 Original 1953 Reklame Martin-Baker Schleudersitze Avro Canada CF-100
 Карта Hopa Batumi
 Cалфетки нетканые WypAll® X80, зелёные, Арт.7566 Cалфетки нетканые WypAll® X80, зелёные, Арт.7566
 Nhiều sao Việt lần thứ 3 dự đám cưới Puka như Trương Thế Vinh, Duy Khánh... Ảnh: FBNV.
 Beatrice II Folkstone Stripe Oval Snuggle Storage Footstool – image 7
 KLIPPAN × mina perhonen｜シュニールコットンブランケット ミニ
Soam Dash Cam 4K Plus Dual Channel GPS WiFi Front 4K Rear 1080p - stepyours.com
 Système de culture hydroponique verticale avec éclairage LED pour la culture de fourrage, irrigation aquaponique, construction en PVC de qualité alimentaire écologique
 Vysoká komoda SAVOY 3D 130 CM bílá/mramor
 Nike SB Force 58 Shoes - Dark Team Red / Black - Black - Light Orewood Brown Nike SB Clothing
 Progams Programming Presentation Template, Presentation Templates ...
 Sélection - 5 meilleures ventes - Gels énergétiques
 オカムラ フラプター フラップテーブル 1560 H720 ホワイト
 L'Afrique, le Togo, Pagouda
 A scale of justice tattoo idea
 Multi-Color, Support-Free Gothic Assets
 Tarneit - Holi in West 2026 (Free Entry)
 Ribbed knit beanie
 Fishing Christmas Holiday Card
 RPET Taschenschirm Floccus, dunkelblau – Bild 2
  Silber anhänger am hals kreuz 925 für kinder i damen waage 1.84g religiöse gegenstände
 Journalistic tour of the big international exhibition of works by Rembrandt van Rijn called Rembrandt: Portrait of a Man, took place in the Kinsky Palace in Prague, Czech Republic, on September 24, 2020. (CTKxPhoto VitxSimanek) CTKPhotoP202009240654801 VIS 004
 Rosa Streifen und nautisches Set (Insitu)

════════════════════

▶ **Your instructions**
Each line of the listing above that contains the word "Free" is to be copied.

▶ **Exercise result**
 Multi-Color, Support-Free Gothic Assets
 Tarneit - Holi in West 2026 (Free Entry)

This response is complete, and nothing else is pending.